Stored data
++++++
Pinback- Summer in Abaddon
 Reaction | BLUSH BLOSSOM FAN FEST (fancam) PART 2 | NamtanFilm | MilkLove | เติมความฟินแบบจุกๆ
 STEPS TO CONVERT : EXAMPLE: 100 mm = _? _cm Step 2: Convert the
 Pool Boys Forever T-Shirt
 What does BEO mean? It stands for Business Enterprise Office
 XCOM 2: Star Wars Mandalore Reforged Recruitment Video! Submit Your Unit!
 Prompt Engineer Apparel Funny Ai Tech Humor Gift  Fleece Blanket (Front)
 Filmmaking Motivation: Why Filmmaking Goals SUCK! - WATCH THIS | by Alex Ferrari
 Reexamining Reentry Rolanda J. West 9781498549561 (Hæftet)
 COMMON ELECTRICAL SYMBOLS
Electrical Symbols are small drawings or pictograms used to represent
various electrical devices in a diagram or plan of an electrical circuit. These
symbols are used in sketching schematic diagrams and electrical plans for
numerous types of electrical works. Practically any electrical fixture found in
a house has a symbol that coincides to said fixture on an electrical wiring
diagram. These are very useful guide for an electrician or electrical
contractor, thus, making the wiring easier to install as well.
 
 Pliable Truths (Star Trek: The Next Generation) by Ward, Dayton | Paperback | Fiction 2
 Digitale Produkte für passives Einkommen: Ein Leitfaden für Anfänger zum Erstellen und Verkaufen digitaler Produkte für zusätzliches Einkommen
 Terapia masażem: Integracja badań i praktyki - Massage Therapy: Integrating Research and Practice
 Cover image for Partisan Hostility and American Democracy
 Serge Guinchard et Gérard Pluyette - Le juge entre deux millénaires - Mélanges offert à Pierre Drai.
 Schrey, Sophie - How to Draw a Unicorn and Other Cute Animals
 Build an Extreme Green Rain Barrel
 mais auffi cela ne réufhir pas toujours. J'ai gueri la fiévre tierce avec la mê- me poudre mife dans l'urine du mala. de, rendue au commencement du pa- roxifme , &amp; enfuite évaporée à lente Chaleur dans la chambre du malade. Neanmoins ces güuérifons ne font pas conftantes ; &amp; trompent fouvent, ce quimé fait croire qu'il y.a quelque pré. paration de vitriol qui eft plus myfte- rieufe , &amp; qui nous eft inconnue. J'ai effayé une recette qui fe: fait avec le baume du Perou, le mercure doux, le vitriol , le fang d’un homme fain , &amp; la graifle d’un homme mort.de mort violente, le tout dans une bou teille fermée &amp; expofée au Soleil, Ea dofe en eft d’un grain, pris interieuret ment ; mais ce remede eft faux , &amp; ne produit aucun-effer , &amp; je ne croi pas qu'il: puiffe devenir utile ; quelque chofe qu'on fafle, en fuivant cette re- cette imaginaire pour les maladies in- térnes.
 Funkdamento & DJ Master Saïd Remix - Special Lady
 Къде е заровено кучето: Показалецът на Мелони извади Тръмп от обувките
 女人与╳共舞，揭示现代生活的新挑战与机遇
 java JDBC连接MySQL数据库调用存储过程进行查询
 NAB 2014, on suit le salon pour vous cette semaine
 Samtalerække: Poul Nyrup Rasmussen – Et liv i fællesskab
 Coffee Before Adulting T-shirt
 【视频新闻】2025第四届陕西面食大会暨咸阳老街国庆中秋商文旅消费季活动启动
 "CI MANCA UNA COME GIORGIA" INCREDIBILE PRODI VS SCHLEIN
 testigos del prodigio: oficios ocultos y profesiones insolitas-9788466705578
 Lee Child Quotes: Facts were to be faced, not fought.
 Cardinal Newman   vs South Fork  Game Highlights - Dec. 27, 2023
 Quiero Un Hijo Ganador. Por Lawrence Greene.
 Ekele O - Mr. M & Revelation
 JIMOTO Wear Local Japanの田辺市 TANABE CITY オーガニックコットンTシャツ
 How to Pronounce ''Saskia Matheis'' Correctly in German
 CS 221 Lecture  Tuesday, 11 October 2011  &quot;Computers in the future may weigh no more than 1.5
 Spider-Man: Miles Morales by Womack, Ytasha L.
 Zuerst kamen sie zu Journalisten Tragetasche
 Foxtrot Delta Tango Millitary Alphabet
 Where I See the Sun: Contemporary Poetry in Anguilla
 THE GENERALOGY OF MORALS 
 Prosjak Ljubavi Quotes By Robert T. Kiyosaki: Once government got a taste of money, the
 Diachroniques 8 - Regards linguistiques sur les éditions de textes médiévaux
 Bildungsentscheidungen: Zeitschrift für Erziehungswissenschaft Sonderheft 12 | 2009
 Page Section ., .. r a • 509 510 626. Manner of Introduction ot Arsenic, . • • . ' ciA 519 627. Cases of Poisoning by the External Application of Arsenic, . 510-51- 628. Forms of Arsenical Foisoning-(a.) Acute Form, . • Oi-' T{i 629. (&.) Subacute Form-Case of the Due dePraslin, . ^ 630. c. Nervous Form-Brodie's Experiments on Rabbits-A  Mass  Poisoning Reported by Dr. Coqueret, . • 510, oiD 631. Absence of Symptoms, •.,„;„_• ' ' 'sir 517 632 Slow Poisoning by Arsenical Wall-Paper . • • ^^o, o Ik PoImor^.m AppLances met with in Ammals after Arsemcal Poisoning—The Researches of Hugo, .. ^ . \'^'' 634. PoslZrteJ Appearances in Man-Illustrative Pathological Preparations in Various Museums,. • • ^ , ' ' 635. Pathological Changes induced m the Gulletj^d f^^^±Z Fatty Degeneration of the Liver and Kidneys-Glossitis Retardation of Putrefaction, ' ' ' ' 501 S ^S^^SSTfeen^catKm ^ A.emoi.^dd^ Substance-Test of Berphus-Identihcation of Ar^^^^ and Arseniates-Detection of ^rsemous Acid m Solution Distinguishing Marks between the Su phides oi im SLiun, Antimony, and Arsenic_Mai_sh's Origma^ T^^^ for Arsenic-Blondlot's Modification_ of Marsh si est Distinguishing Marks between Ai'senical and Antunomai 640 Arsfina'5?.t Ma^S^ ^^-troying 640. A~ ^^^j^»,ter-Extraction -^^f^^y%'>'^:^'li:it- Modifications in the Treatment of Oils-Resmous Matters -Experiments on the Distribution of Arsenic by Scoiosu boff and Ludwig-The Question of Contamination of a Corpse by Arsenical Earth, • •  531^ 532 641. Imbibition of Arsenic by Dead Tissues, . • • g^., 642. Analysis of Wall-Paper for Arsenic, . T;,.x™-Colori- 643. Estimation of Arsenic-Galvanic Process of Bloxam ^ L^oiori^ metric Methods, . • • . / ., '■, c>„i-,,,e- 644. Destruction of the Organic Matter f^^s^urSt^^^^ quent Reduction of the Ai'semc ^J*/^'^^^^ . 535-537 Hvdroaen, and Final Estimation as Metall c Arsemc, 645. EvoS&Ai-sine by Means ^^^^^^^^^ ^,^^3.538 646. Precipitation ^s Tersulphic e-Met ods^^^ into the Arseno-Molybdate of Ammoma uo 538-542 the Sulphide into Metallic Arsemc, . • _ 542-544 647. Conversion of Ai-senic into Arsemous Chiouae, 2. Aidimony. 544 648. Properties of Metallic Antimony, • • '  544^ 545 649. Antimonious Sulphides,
++++++
> _Task to carry out_
Reproduce the data in full, precisely as given.

> _Output below_
Pinback- Summer in Abaddon
 Reaction | BLUSH BLOSSOM FAN FEST (fancam) PART 2 | NamtanFilm | MilkLove | เติมความฟินแบบจุกๆ
 STEPS TO CONVERT : EXAMPLE: 100 mm = _? _cm Step 2: Convert the
 Pool Boys Forever T-Shirt
 What does BEO mean? It stands for Business Enterprise Office
 XCOM 2: Star Wars Mandalore Reforged Recruitment Video! Submit Your Unit!
 Prompt Engineer Apparel Funny Ai Tech Humor Gift  Fleece Blanket (Front)
 Filmmaking Motivation: Why Filmmaking Goals SUCK! - WATCH THIS | by Alex Ferrari
 Reexamining Reentry Rolanda J. West 9781498549561 (Hæftet)
 COMMON ELECTRICAL SYMBOLS
Electrical Symbols are small drawings or pictograms used to represent
various electrical devices in a diagram or plan of an electrical circuit. These
symbols are used in sketching schematic diagrams and electrical plans for
numerous types of electrical works. Practically any electrical fixture found in
a house has a symbol that coincides to said fixture on an electrical wiring
diagram. These are very useful guide for an electrician or electrical
contractor, thus, making the wiring easier to install as well.
 
 Pliable Truths (Star Trek: The Next Generation) by Ward, Dayton | Paperback | Fiction 2
 Digitale Produkte für passives Einkommen: Ein Leitfaden für Anfänger zum Erstellen und Verkaufen digitaler Produkte für zusätzliches Einkommen
 Terapia masażem: Integracja badań i praktyki - Massage Therapy: Integrating Research and Practice
 Cover image for Partisan Hostility and American Democracy
 Serge Guinchard et Gérard Pluyette - Le juge entre deux millénaires - Mélanges offert à Pierre Drai.
 Schrey, Sophie - How to Draw a Unicorn and Other Cute Animals
 Build an Extreme Green Rain Barrel
 mais auffi cela ne réufhir pas toujours. J'ai gueri la fiévre tierce avec la mê- me poudre mife dans l'urine du mala. de, rendue au commencement du pa- roxifme , &amp; enfuite évaporée à lente Chaleur dans la chambre du malade. Neanmoins ces güuérifons ne font pas conftantes ; &amp; trompent fouvent, ce quimé fait croire qu'il y.a quelque pré. paration de vitriol qui eft plus myfte- rieufe , &amp; qui nous eft inconnue. J'ai effayé une recette qui fe: fait avec le baume du Perou, le mercure doux, le vitriol , le fang d’un homme fain , &amp; la graifle d’un homme mort.de mort violente, le tout dans une bou teille fermée &amp; expofée au Soleil, Ea dofe en eft d’un grain, pris interieuret ment ; mais ce remede eft faux , &amp; ne produit aucun-effer , &amp; je ne croi pas qu'il: puiffe devenir utile ; quelque chofe qu'on fafle, en fuivant cette re- cette imaginaire pour les maladies in- térnes.
 Funkdamento & DJ Master Saïd Remix - Special Lady
 Къде е заровено кучето: Показалецът на Мелони извади Тръмп от обувките
 女人与╳共舞，揭示现代生活的新挑战与机遇
 java JDBC连接MySQL数据库调用存储过程进行查询
 NAB 2014, on suit le salon pour vous cette semaine
 Samtalerække: Poul Nyrup Rasmussen – Et liv i fællesskab
 Coffee Before Adulting T-shirt
 【视频新闻】2025第四届陕西面食大会暨咸阳老街国庆中秋商文旅消费季活动启动
 "CI MANCA UNA COME GIORGIA" INCREDIBILE PRODI VS SCHLEIN
 testigos del prodigio: oficios ocultos y profesiones insolitas-9788466705578
 Lee Child Quotes: Facts were to be faced, not fought.
 Cardinal Newman   vs South Fork  Game Highlights - Dec. 27, 2023
 Quiero Un Hijo Ganador. Por Lawrence Greene.
 Ekele O - Mr. M & Revelation
 JIMOTO Wear Local Japanの田辺市 TANABE CITY オーガニックコットンTシャツ
 How to Pronounce ''Saskia Matheis'' Correctly in German
 CS 221 Lecture  Tuesday, 11 October 2011  &quot;Computers in the future may weigh no more than 1.5
 Spider-Man: Miles Morales by Womack, Ytasha L.
 Zuerst kamen sie zu Journalisten Tragetasche
 Foxtrot Delta Tango Millitary Alphabet
 Where I See the Sun: Contemporary Poetry in Anguilla
 THE GENERALOGY OF MORALS 
 Prosjak Ljubavi Quotes By Robert T. Kiyosaki: Once government got a taste of money, the
 Diachroniques 8 - Regards linguistiques sur les éditions de textes médiévaux
 Bildungsentscheidungen: Zeitschrift für Erziehungswissenschaft Sonderheft 12 | 2009
 Page Section ., .. r a • 509 510 626. Manner of Introduction ot Arsenic, . • • . ' ciA 519 627. Cases of Poisoning by the External Application of Arsenic, . 510-51- 628. Forms of Arsenical Foisoning-(a.) Acute Form, . • Oi-' T{i 629. (&.) Subacute Form-Case of the Due dePraslin, . ^ 630. c. Nervous Form-Brodie's Experiments on Rabbits-A  Mass  Poisoning Reported by Dr. Coqueret, . • 510, oiD 631. Absence of Symptoms, •.,„;„_• ' ' 'sir 517 632 Slow Poisoning by Arsenical Wall-Paper . • • ^^o, o Ik PoImor^.m AppLances met with in Ammals after Arsemcal Poisoning—The Researches of Hugo, .. ^ . \'^'' 634. PoslZrteJ Appearances in Man-Illustrative Pathological Preparations in Various Museums,. • • ^ , ' ' 635. Pathological Changes induced m the Gulletj^d f^^^±Z Fatty Degeneration of the Liver and Kidneys-Glossitis Retardation of Putrefaction, ' ' ' ' 501 S ^S^^SSTfeen^catKm ^ A.emoi.^dd^ Substance-Test of Berphus-Identihcation of Ar^^^^ and Arseniates-Detection of ^rsemous Acid m Solution Distinguishing Marks between the Su phides oi im SLiun, Antimony, and Arsenic_Mai_sh's Origma^ T^^^ for Arsenic-Blondlot's Modification_ of Marsh si est Distinguishing Marks between Ai'senical and Antunomai 640 Arsfina'5?.t Ma^S^ ^^-troying 640. A~ ^^^j^»,ter-Extraction -^^f^^y%'>'^:^'li:it- Modifications in the Treatment of Oils-Resmous Matters -Experiments on the Distribution of Arsenic by Scoiosu boff and Ludwig-The Question of Contamination of a Corpse by Arsenical Earth, • •  531^ 532 641. Imbibition of Arsenic by Dead Tissues, . • • g^., 642. Analysis of Wall-Paper for Arsenic, . T;,.x™-Colori- 643. Estimation of Arsenic-Galvanic Process of Bloxam ^ L^oiori^ metric Methods, . • • . / ., '■, c>„i-,,,e- 644. Destruction of the Organic Matter f^^s^urSt^^^^ quent Reduction of the Ai'semc ^J*/^'^^^^ . 535-537 Hvdroaen, and Final Estimation as Metall c Arsemc, 645. EvoS&Ai-sine by Means ^^^^^^^^^ ^,^^3.538 646. Precipitation ^s Tersulphic e-Met ods^^^ into the Arseno-Molybdate of Ammoma uo 538-542 the Sulphide into Metallic Arsemc, . • _ 542-544 647. Conversion of Ai-senic into Arsemous Chiouae, 2. Aidimony. 544 648. Properties of Metallic Antimony, • • '  544^ 545 649. Antimonious Sulphides,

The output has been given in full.